I've been thinking about faith that can move mountains and, today at least, I'm not sure what that would look or feel like. Today, faith that strong seems too cocky, too good to be true. I've spent the last two days in bed, in the midst of a fibromyalgia flare up that has been the worst pain I've felt in months. The pain is there when I'm still, it's there when I roll over. The idea of lifting anything heavier than a glass of water makes me want to scream, but the Word says that faith, that amorphous, intangible concept, can move entire mountains. I don't want to move my own body, but faith can move mountains.
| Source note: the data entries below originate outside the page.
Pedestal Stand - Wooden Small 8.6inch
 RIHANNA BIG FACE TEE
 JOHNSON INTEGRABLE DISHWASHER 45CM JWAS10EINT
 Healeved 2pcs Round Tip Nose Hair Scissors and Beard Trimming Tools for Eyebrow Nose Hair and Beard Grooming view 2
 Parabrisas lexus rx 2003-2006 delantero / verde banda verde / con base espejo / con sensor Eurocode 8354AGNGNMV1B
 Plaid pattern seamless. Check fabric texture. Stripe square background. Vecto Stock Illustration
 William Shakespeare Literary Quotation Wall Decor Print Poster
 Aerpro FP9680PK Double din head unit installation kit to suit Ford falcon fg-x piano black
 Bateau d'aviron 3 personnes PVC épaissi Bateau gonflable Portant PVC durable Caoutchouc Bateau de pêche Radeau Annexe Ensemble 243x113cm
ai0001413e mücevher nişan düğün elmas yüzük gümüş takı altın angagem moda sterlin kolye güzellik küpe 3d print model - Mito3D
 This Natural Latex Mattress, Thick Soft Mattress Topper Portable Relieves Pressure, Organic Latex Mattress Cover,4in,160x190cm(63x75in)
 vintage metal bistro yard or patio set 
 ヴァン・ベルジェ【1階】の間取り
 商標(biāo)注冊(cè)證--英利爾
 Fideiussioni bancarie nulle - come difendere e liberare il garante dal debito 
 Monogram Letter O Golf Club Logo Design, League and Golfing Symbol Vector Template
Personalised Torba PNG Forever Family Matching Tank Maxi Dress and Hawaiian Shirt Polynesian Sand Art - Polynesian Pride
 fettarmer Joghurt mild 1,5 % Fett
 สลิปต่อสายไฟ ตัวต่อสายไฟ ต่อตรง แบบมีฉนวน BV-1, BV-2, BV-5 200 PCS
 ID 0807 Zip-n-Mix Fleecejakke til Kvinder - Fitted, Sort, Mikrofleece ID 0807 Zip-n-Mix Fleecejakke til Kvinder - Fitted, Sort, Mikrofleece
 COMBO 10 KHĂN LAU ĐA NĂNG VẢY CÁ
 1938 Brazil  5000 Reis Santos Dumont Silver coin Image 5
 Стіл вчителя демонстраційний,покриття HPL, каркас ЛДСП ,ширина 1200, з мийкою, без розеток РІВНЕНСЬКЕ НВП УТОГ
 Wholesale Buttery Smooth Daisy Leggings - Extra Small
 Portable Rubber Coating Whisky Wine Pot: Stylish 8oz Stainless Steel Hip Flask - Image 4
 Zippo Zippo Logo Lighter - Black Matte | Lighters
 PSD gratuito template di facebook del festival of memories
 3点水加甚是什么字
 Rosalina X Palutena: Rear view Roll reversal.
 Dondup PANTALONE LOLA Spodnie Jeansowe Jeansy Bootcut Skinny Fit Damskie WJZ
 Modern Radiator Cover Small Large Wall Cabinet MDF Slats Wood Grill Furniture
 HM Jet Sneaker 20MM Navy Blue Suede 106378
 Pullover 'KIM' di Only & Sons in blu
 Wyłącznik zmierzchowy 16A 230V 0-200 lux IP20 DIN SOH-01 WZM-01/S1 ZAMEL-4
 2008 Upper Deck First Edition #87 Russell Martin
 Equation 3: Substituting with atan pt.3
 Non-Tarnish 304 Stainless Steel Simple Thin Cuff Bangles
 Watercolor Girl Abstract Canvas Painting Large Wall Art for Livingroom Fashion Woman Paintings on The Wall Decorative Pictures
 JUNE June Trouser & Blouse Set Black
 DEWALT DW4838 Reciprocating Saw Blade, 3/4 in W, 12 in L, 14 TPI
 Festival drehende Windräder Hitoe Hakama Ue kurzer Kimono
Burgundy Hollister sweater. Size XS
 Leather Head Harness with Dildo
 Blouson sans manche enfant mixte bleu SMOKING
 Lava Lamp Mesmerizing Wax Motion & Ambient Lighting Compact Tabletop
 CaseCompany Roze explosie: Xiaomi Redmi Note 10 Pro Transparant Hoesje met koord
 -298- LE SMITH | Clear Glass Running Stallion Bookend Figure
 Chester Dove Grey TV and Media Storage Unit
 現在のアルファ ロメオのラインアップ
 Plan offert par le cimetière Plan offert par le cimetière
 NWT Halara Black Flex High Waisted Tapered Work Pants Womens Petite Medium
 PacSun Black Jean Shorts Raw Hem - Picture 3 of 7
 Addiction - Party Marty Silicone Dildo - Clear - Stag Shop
On days like today, God seems too big for me. On days like today, even mustard seed-sized faith seems like too hard, too huge, too incomprehensible a task. On days like today, I'm glad that even when my faith is smaller than a mustard seed, I know that God is with me. I know that God is there, patient with me, even when I am not patient. I know that He is not frustrated with me, even when I am frustrated with Him. I know that He'd rather I fight with Him than turn away from Him. I know He'd rather I argue than stop speaking to Him. On days like today, I am grateful for His enduring faithfulness, His unwillingness to abandon me. On days like today, I am grateful for the hope, the possibility, of mustard seed-sized faith.
"Truly I tell you, if you have faith as small as a mustard seed, you can say to this mountain, 'Move from here to there,' and it will move. Nothing will be impossible for you."